------ INFORMATION SHOWN ------

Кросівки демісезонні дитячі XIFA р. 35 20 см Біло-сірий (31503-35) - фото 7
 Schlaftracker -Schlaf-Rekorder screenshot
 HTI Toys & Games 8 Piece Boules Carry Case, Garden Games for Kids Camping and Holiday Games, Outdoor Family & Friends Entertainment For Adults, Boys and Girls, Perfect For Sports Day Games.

------

● **WHAT THE EXERCISE ASKS**: The data above should be duplicated exactly and completely.

● **EXERCISE RESPONSE**:
Кросівки демісезонні дитячі XIFA р. 35 20 см Біло-сірий (31503-35) - фото 7
 Schlaftracker -Schlaf-Rekorder screenshot
 HTI Toys & Games 8 Piece Boules Carry Case, Garden Games for Kids Camping and Holiday Games, Outdoor Family & Friends Entertainment For Adults, Boys and Girls, Perfect For Sports Day Games.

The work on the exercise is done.